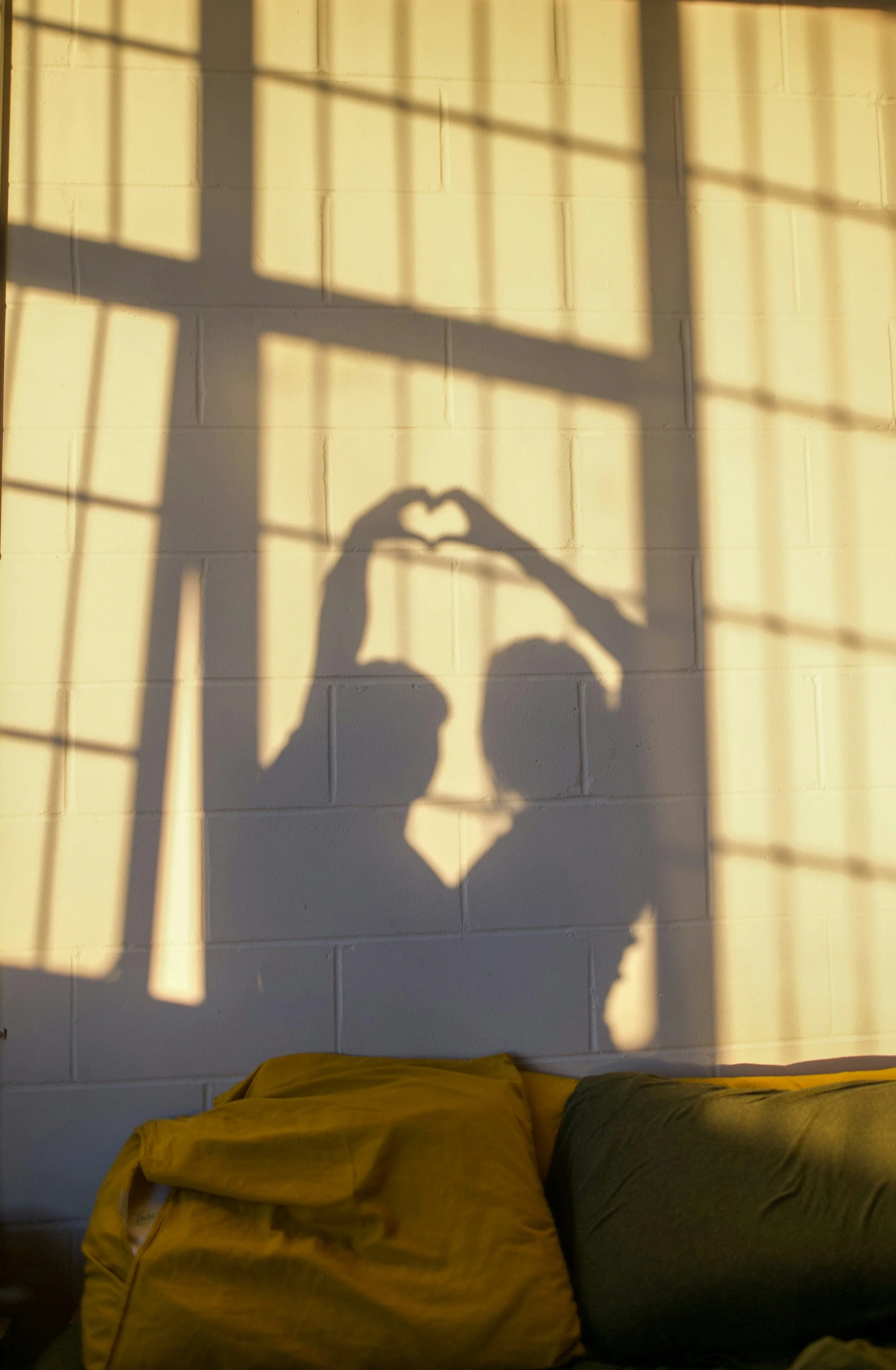 Sunlight creates the shadow of a person's hands forming a heart shape on a brick wall. There is a yellow pillow and a dark grey pillow on a bed or sofa in the foreground.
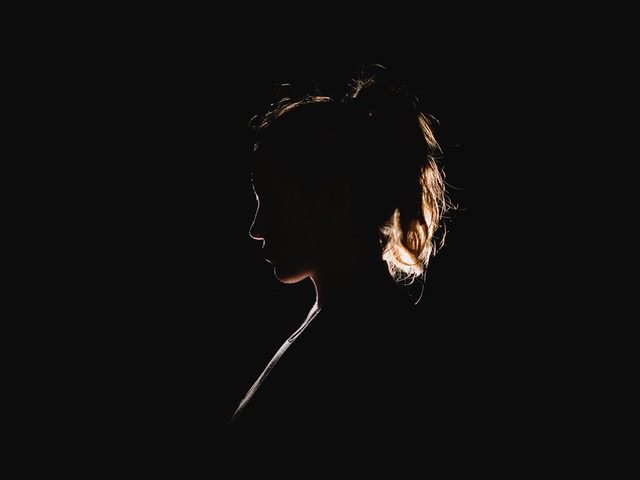 a woman in shadows
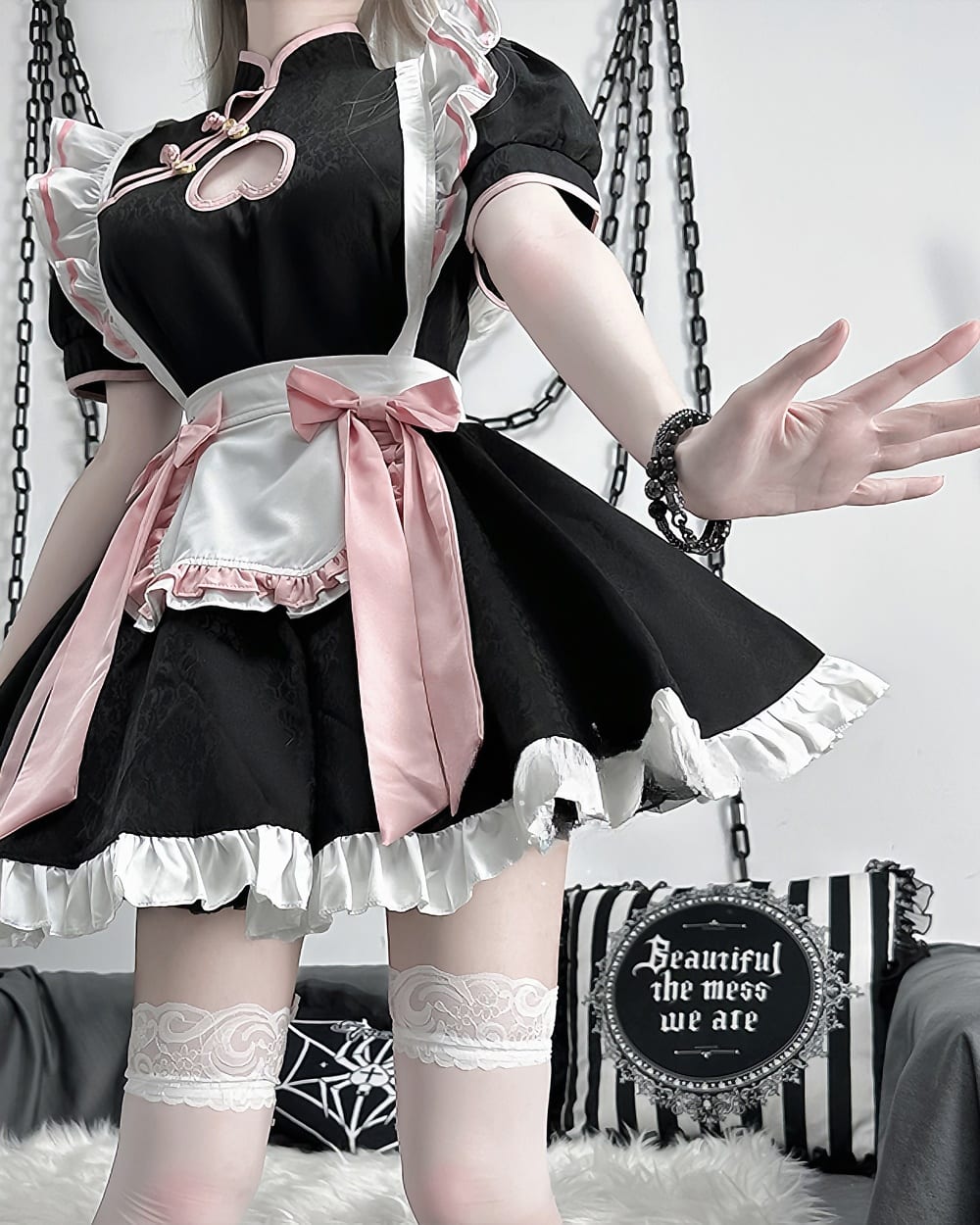 Black and pink Kawaii Maid Dress with frills and lace, worn by a model.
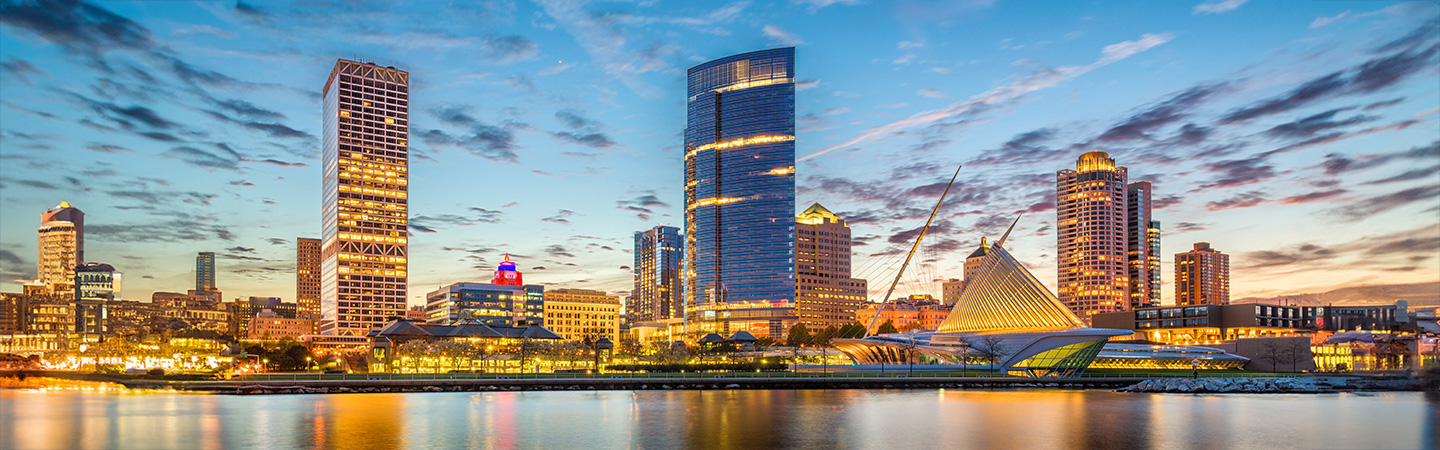 A panoramic view of a city skyline at dusk, featuring tall buildings reflecting on the water.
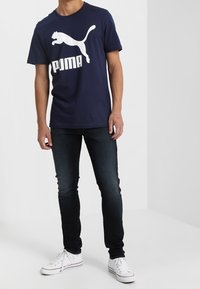Camiseta de algodón azul marino con un gran logo blanco de Puma, combinada con jeans oscuros y zapatillas blancas.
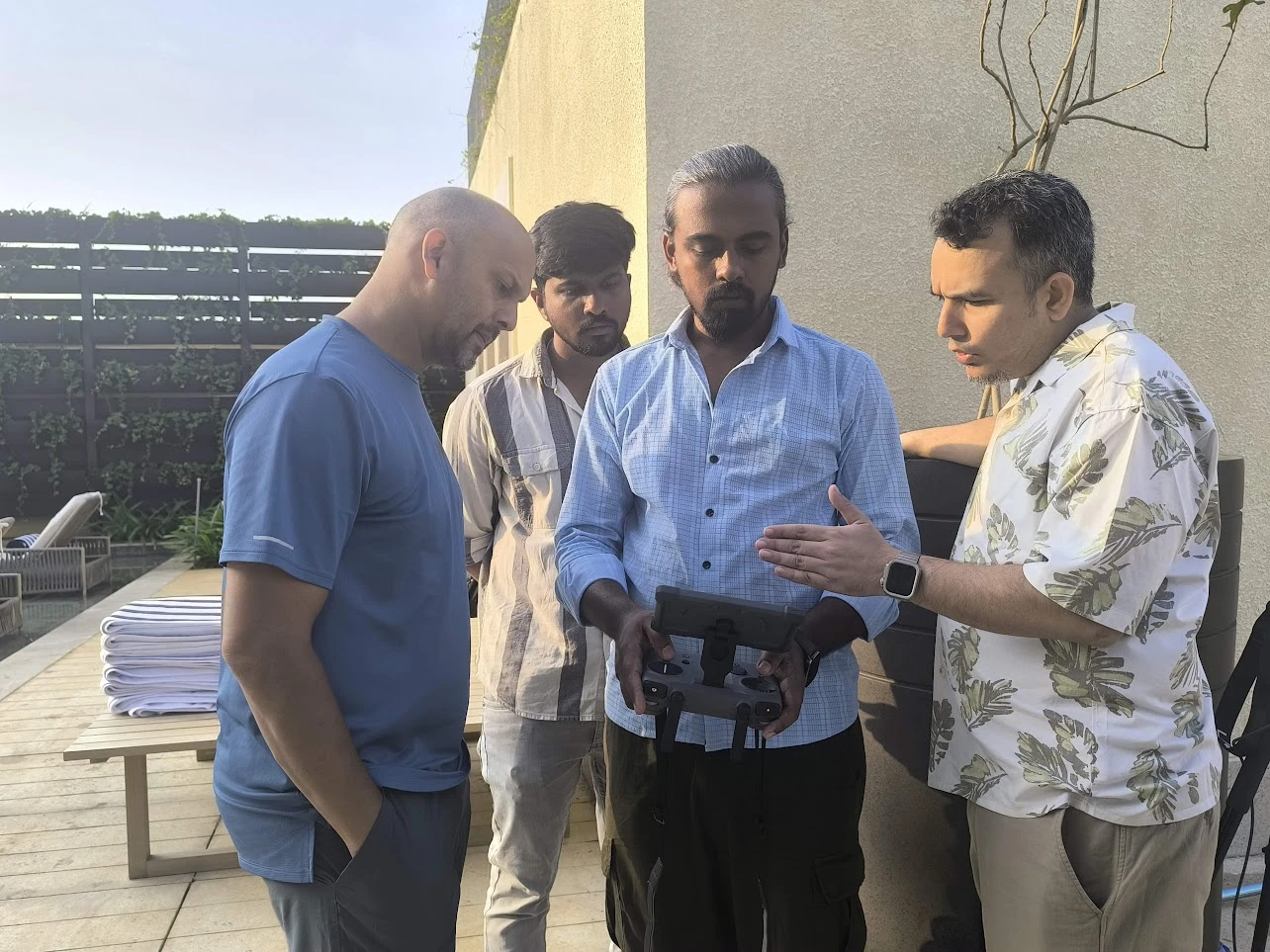 Mamathesh holding a drone controller while discussing the shoot with people on location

☆ ☆ ☆ ☆

Your task: Leave out every picture and copy, exactly as written, the lines from the one with "a woman in shadows" through the end of the records above.

Answer box:
 a woman in shadows
 Black and pink Kawaii Maid Dress with frills and lace, worn by a model.
 A panoramic view of a city skyline at dusk, featuring tall buildings reflecting on the water.
Camiseta de algodón azul marino con un gran logo blanco de Puma, combinada con jeans oscuros y zapatillas blancas.
 Mamathesh holding a drone controller while discussing the shoot with people on location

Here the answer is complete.